**PROBLEM DETAILS**:
Go through the listing below and count the lines with "view" in them. Only the count is needed.

Start of Block

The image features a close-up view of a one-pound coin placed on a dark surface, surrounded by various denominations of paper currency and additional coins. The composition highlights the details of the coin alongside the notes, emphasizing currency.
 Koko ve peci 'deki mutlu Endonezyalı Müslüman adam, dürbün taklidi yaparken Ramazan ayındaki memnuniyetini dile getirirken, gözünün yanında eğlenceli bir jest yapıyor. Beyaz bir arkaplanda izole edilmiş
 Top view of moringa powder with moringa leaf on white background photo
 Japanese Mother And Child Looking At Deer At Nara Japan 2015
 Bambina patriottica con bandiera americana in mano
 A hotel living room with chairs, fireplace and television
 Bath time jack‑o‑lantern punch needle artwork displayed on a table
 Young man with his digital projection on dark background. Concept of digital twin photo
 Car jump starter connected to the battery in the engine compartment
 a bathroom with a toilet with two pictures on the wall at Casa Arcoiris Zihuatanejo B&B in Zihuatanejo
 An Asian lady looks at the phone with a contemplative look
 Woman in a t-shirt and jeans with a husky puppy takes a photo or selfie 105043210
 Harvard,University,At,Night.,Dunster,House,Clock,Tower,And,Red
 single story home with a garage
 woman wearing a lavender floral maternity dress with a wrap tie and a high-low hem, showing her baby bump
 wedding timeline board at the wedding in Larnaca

End of Block

**ANSWER BOX**:
2